■ Goal of the exercise
Each record must come back unchanged in your answer, stripped of its images.
>>>
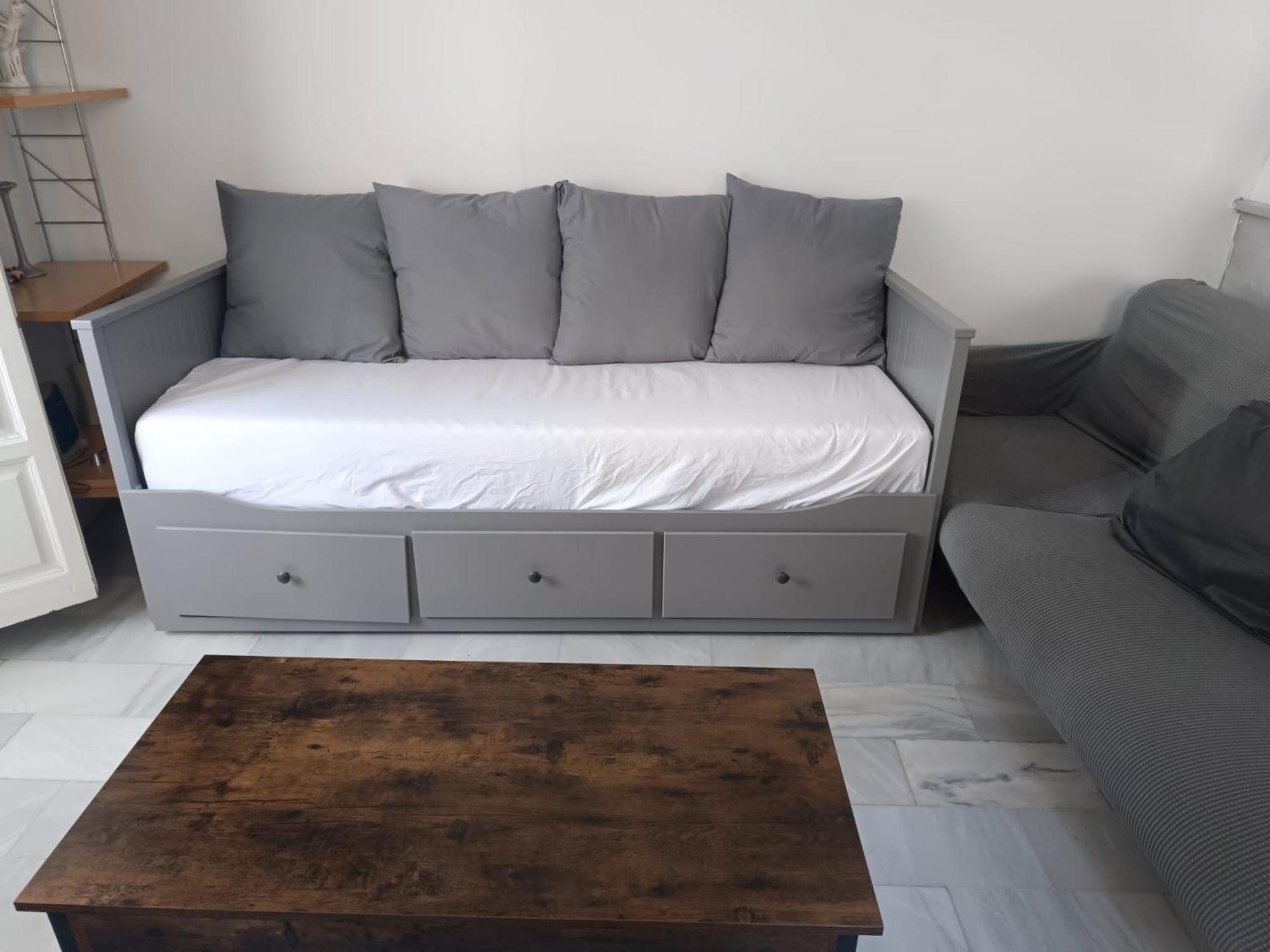 Santa Cruz Terrace Home Seville Ngoại thất bức ảnh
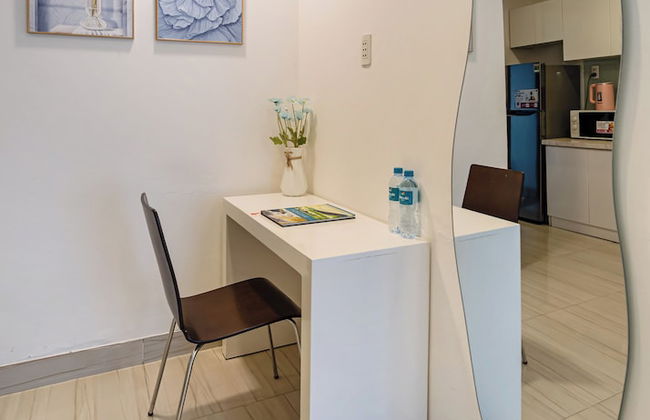 Grace Apartment 3 - Foto 49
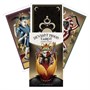 Карты Таро "Deviant Moon Tarot Premier Edition" US Games / Таро Безумной Луны Премьерное издание 1286457380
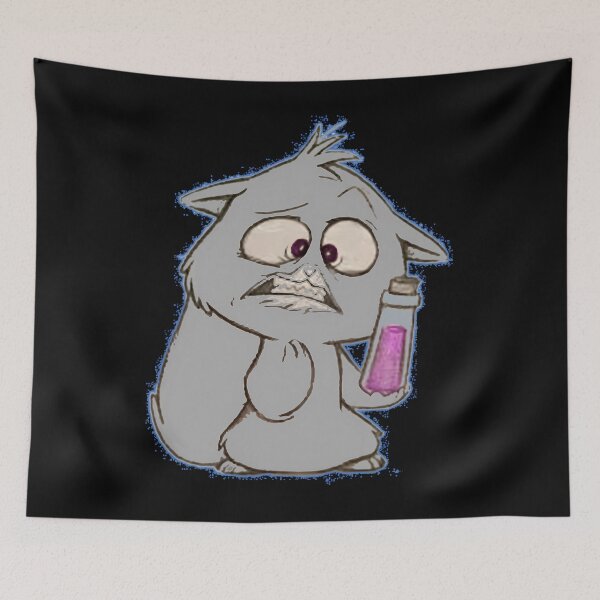 Item preview, Yzma The Cat Chiffon Top	 designed and sold by gzvqrqulji64.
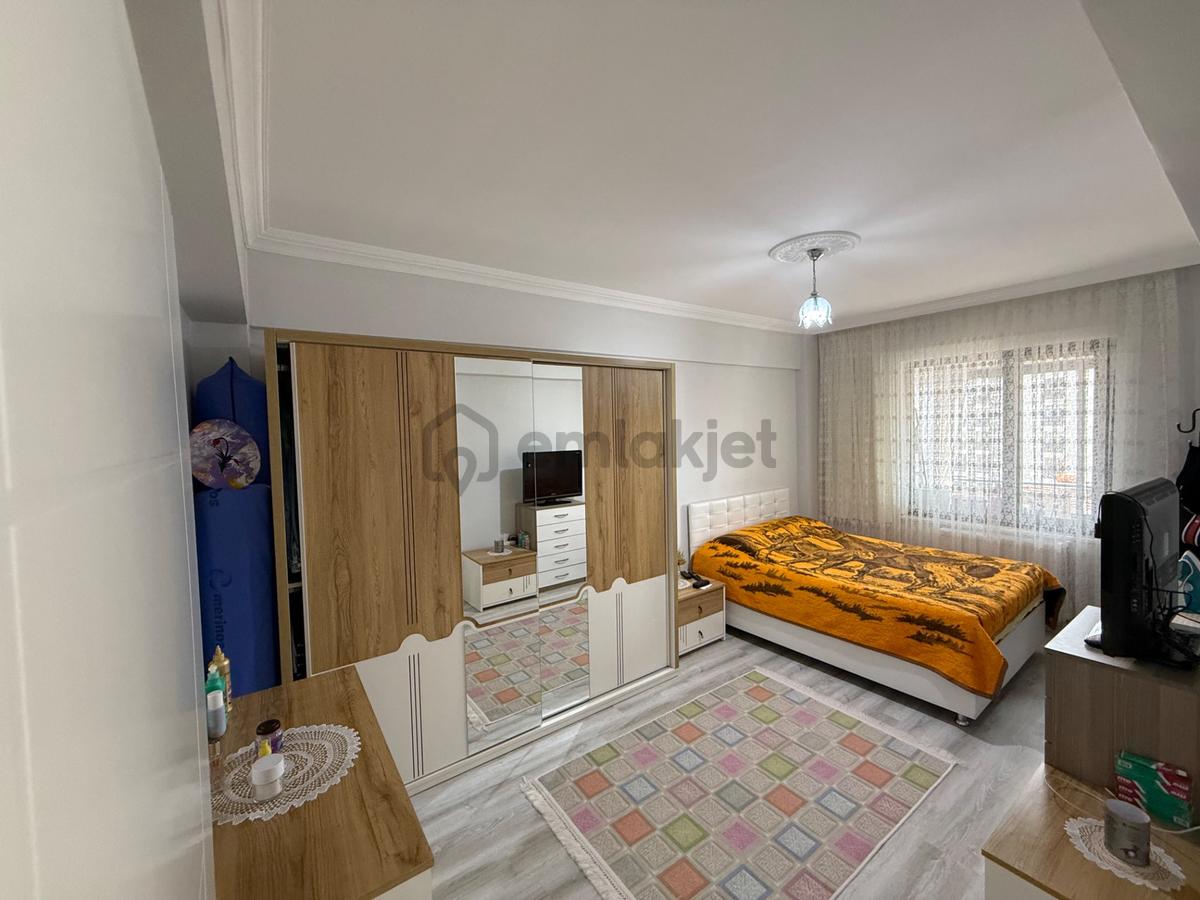 Namık Çiftçi Caddesi’nde 3+1 Satılık Daire - 28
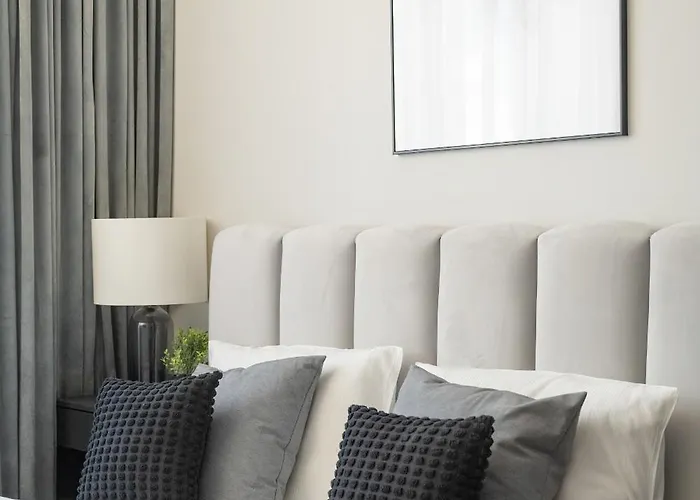 Piekny Wichrowa - 2 Sypialnie Free Garage By Renters * Βρότσλαβ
<<<
■ Response below
 Santa Cruz Terrace Home Seville Ngoại thất bức ảnh
 Grace Apartment 3 - Foto 49
 Карты Таро "Deviant Moon Tarot Premier Edition" US Games / Таро Безумной Луны Премьерное издание 1286457380
 Item preview, Yzma The Cat Chiffon Top	 designed and sold by gzvqrqulji64.
 Namık Çiftçi Caddesi’nde 3+1 Satılık Daire - 28
 Piekny Wichrowa - 2 Sypialnie Free Garage By Renters * Βρότσλαβ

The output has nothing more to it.